The academic aspect of the Cambridge convent becomes increasingly prominent in late 15thand early 16th-century wills, although as early as
1361 Humphrey de Bohun, Earl of Hereford and
Essex, had left £10 to 'the students' in the Oxford
and Cambridge friaries. (fn. 78) Thus in 1489 Alice
Padington, widow of Thomas Padington, fishmonger of London, provided that 'oon welldisposed frere' of the London Black Friars
'exercising his lernyng in Oxford and in Cambridge in divinitie' should sing for her soul and for
those of her two husbands in the Universities of
Oxford and Cambridge for the space of six years
after her death: (fn. 79) in 1510 Richard Crispe of
Northampton gave 'to them that be students in
divinitie in Oxford ij and in Cambridge other ij
every yere', among the four Orders in Northampton, 20s. apiece until £20 should have been
spent for his soul; (fn. 80) at the same time the friars,
like the 'possessioner' Orders, were becoming
more lax in seeking licence to hold benefices and
'remain without the Order'. In 1497 Brother
John Laknam, of the Cambridge convent, had
such a licence, and was allowed to have a chapel
or chantry. (fn. 81)
Membership of the confraternity of a friary and
burial in its church was very general. John
Brandon of Isleham in 1506 leaves 10s. to the
'friars dominike in Cambridge where I am a
brother'; John Hals, rector of Orwell, was buried
in the church of the Friars Preachers in December 1406; and in his will, dated 4 March 1448,
Richard Warbulton, citizen and ironmonger of
London, left 3s. 4d. to the Friars Preachers of
Cambridge, where the body of his father lay
buried. (fn. 82) The last 40 years or so of their existence
afford some glimpses of this great church of the
Black Friars, and the part which it and they
played in the life of town and University. In
1500 John Hesewell of Cambridge left the Black
Friars a considerable bequest, including a covered
cup of silver-gilt, which he had redeemed for
them for 66s. 8d., and a candlestick which was to
be fixed before the altar of St. Nicholas; (fn. 83) and in
1506 Master Henry Rudde, a physician of Bury
St. Edmunds, gave them 20 marks 'towards the
peynting of the ix ordrys of aungelis'. (fn. 84) In addition to the other bequests given them in his will,
made in 1509, the Cambridge Black Friars had,
on his death in 1513, as their share of the stuff
of the Earl of Oxford's private chapel, an image
of St. Peter in silver-gilt, representing him as Pope
with a tiara garnished with stones and pearls. (fn. 85)
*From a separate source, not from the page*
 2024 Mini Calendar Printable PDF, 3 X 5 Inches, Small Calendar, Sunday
In 1515 comes the first mention of the image of
Our Lady of Grace which for a few years drew
such great crowds to the church. John Wartell
of Bury St. Edmunds bequeathed 12d. to 'Our
Lady of Grace in the Black Fryers in Cambridge'. (fn. 86)
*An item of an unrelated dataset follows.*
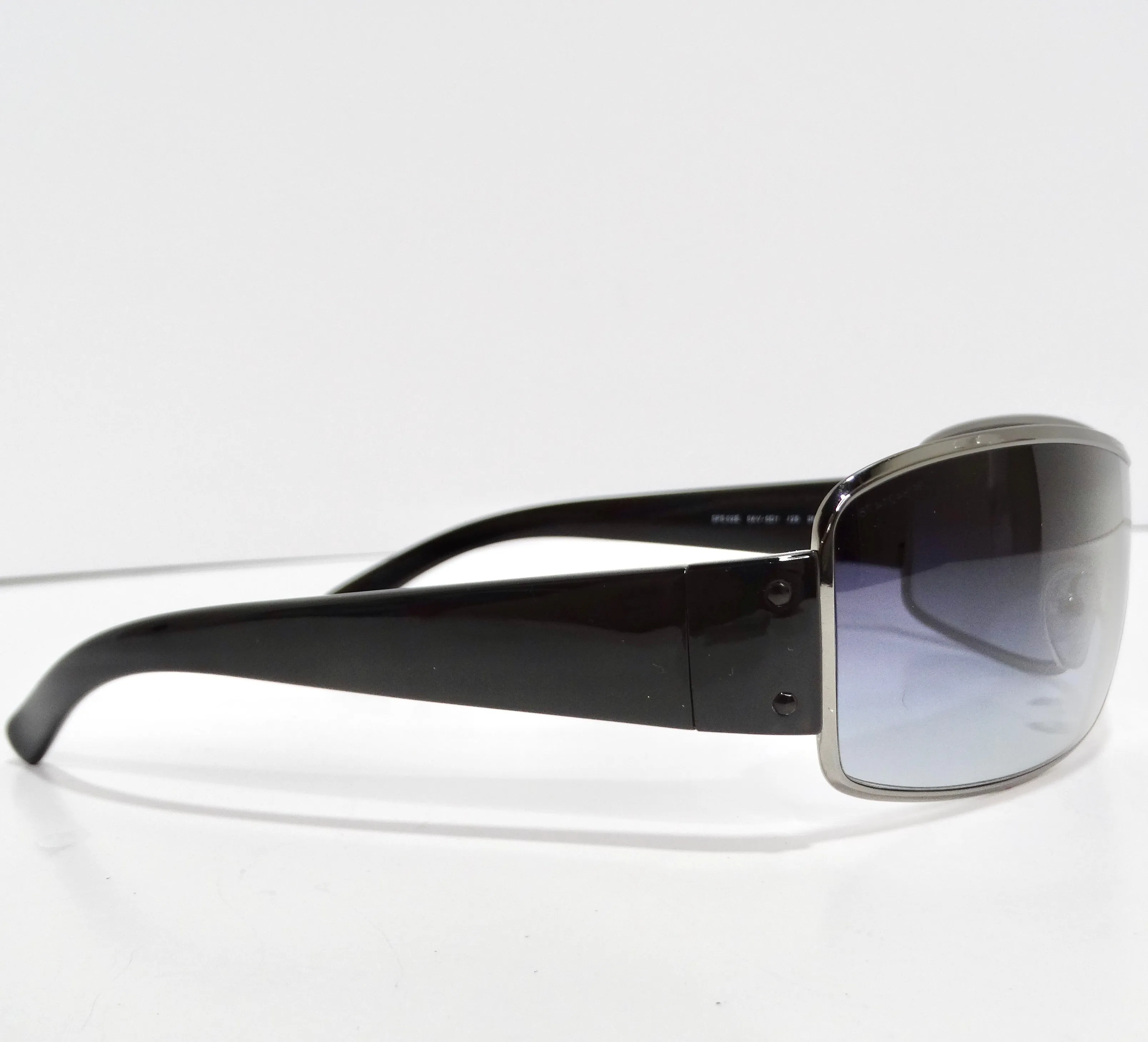 Prada 1990s Silver Tone Shield Sunglasses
In 1517 Thomas Kersey of March left 40s.
among the four Orders in Cambridge and 6s. 8d.
to 'Our Lady of Grace in the same Towne'. (fn. 87)
In 1521 Agnes Bowyer of Over willed that
Thomas Wryght her 'gostly Father' should visit
or cause to be visited 'Our Lady of Redybunde,
St. Andrew and St. Pernell of Ely, Our Lady of
Grace of the Black Fryers in Cambridge, and Our
Lady of Whitehill' there to offer for her 'a halfpenny or a penny at his pleasure'; (fn. 88) and in 1527
John Baker of Fen Ditton left 12d. to a priest
to say three masses before the image. (fn. 89) In 1491
Bishop Alcock had granted an indulgence of 40
days to all who visited the high altar of the Friars
Preachers' Church on the Monday after Palm
Sunday, Easter Monday, the Vigil of the Assumption, and the Sunday after the Feast of the Relics,
at which times the Gilds of St. Peter Martyr and
of St. Ursula held their devotions there. (fn. 90)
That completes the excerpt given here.